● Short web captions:
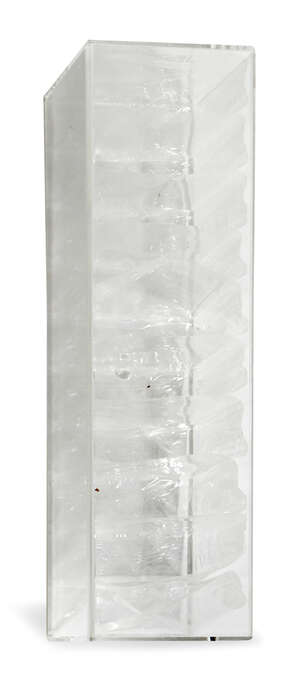 
	
		Jac Leirner, 
		Brazilian b.1961- 
		 
		Lung, 1991; 
		 
		perspex box and cellophane,...
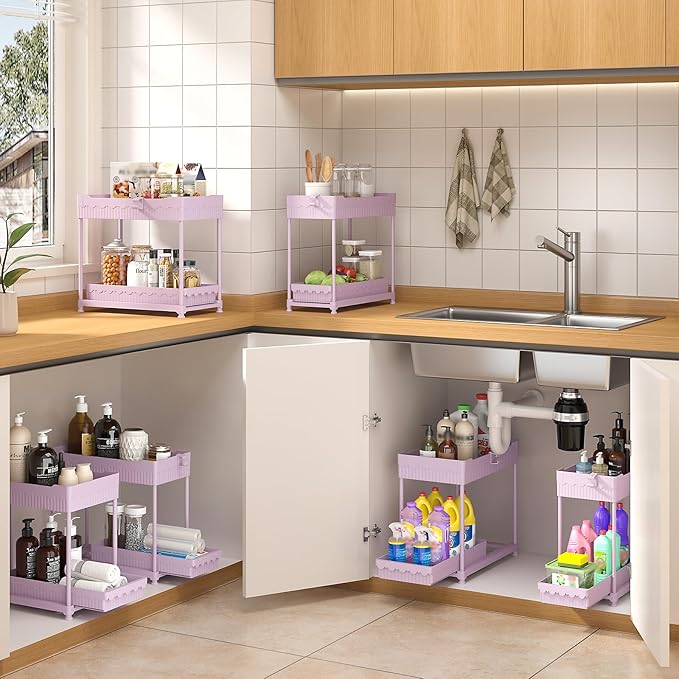 3 Pack Under Sink Organizers, 2-Tier Multi-Use Kitchen and Bathroom Organizers and Storage with Sliding Drawers,Bathroom Cabinet Organizer (Pink, 14.8 Inch)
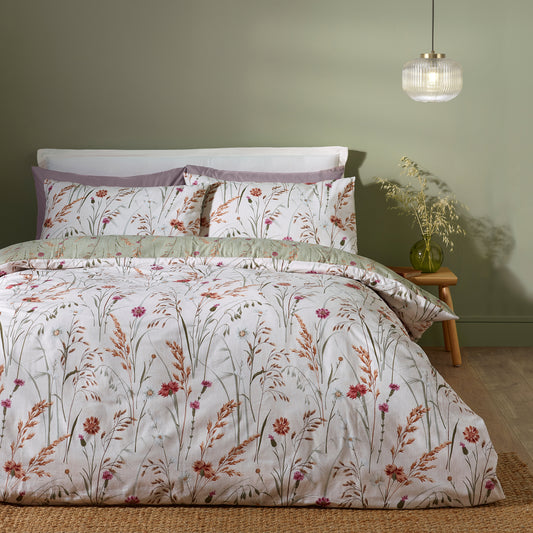 Grasmere Floral Green Duvet Set Brushed Cotton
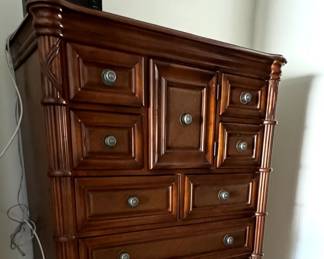 Tommy Bahama Style Queen Bedroom Set Armoire, chair, Mirror, 2 Nightstands and 1 Queen Bed & Tall Dresser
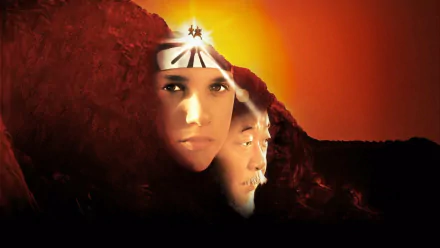 HD PC desktop wallpaper and background: The Karate Kid, Part III poster-style image with two faces emerging from red rock against a glowing orange sunset.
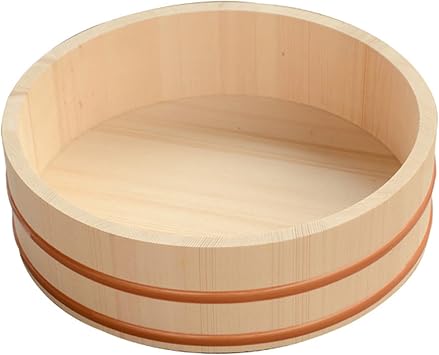 12 Sizes Wooden Hangiri Sushi Oke Rice Mixing Bowl Tub, Traditional Japanese Sushi Basin with Copper Band, for Restaurant Home Kitchen / 45x11CM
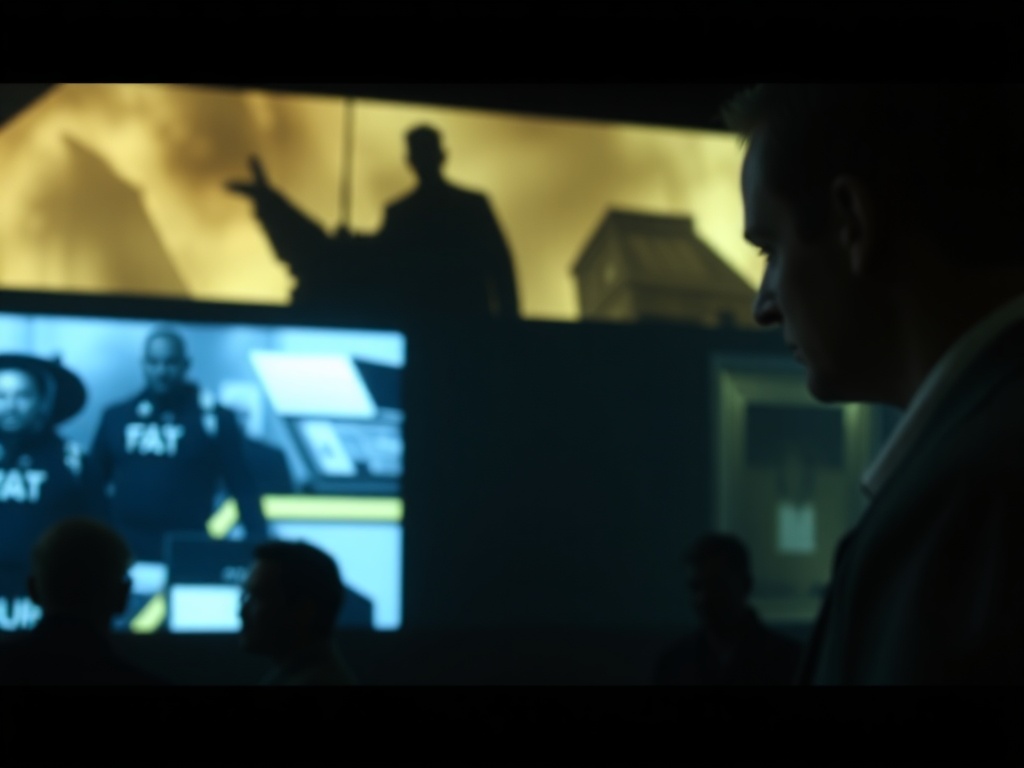 close-up of a widescreen film scene distorted by incorrect projection, emphasizing lost cinematic detail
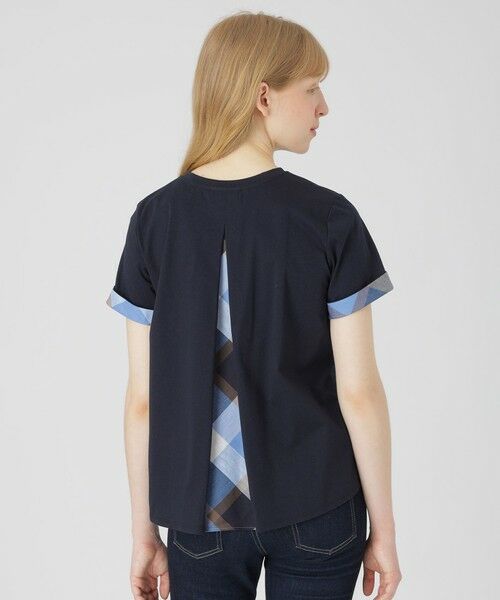 BLUE LABEL / BLACK LABEL CRESTBRIDGE / ブルーレーベル / ブラックレーベル・クレストブリッジ  カットソー | 【一部店舗限定】バックチェック切り替えTシャツ（ネイビー3）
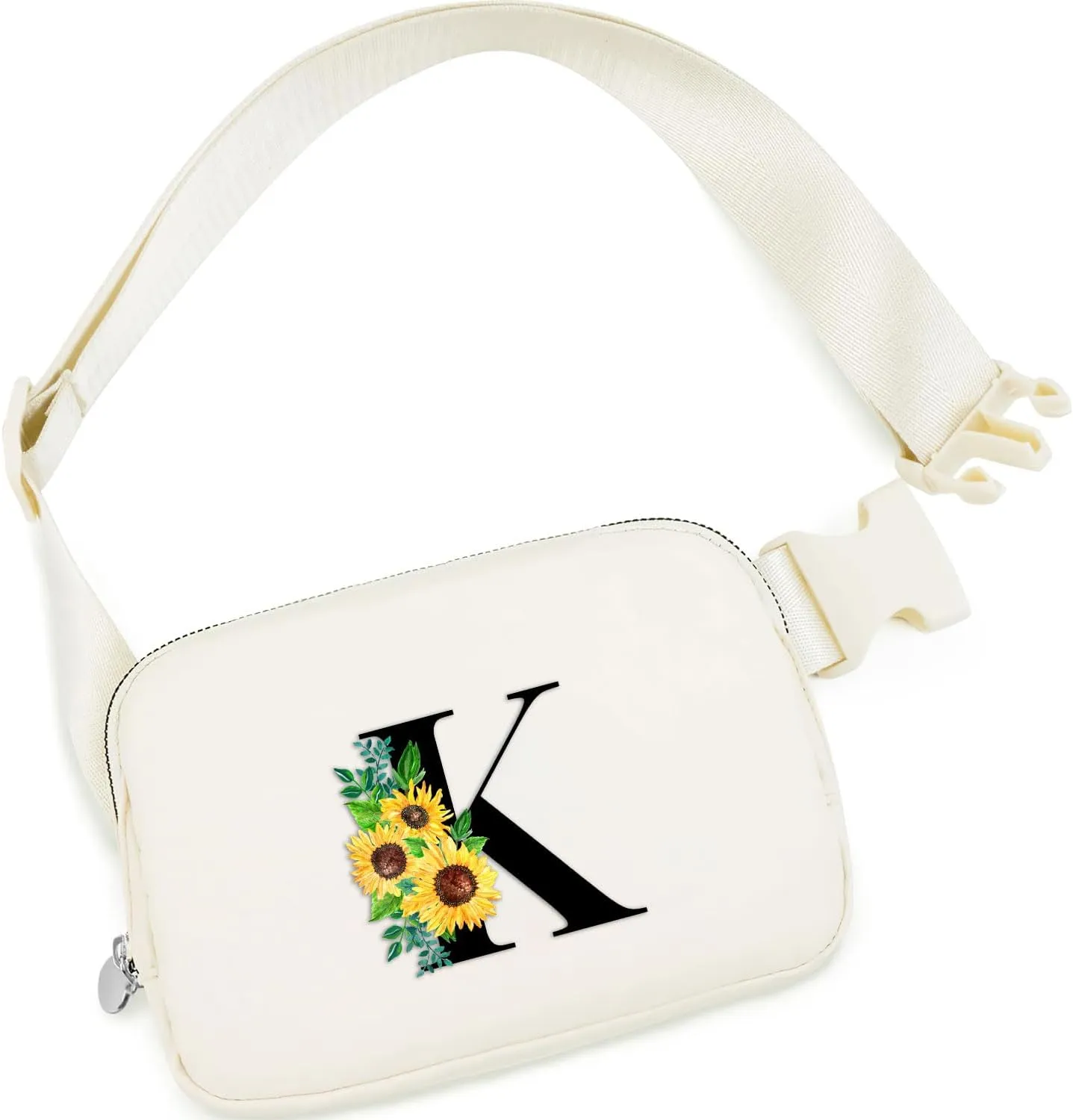 Sunflower Gifts for Women Fanny Pack with Adjustable Strap Initial Letter Mini Belt Bag Workout Running Traveling Hiking Trendy Stuff Crossbody Bags Teenage Christmas Birthday Gift | Cream,K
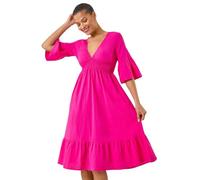 Roman Originals Linen Look Shirred Midi Dress for Women UK - Ladies Everyday Holiday Spring Summer V-Neckline Comfy Soft Evening Vacation Work Party - Fuchsia - Size 16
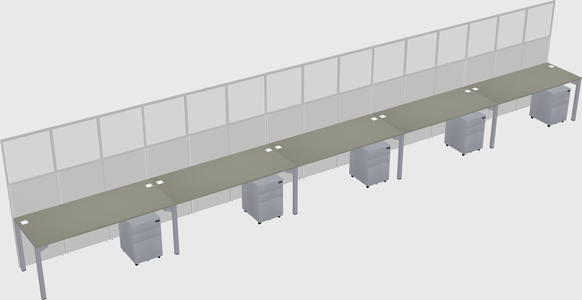 Shared rectangular cubicle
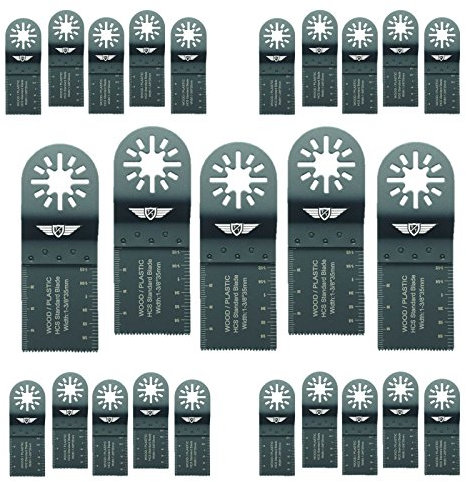25 x 35mm TopsTools UN35F_25 Wood Cutting Blades Compatible with Bosch Fein (Non-StarLock) Makita Milwaukee Einhell Ergotools Hitachi Parkside Ryobi Worx Workzone Multi Tool Accessories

● What is needed:
Leaving every picture behind, retype the entries above exactly, from the first line through the line with "BLUE LABEL /", and stop there.

● Solution for this exercise:
		Jac Leirner, 
		Brazilian b.1961- 
		 
		Lung, 1991; 
		 
		perspex box and cellophane,...
 3 Pack Under Sink Organizers, 2-Tier Multi-Use Kitchen and Bathroom Organizers and Storage with Sliding Drawers,Bathroom Cabinet Organizer (Pink, 14.8 Inch)
 Grasmere Floral Green Duvet Set Brushed Cotton
 Tommy Bahama Style Queen Bedroom Set Armoire, chair, Mirror, 2 Nightstands and 1 Queen Bed & Tall Dresser
 HD PC desktop wallpaper and background: The Karate Kid, Part III poster-style image with two faces emerging from red rock against a glowing orange sunset.
 12 Sizes Wooden Hangiri Sushi Oke Rice Mixing Bowl Tub, Traditional Japanese Sushi Basin with Copper Band, for Restaurant Home Kitchen / 45x11CM
 close-up of a widescreen film scene distorted by incorrect projection, emphasizing lost cinematic detail
 BLUE LABEL / BLACK LABEL CRESTBRIDGE / ブルーレーベル / ブラックレーベル・クレストブリッジ  カットソー | 【一部店舗限定】バックチェック切り替えTシャツ（ネイビー3）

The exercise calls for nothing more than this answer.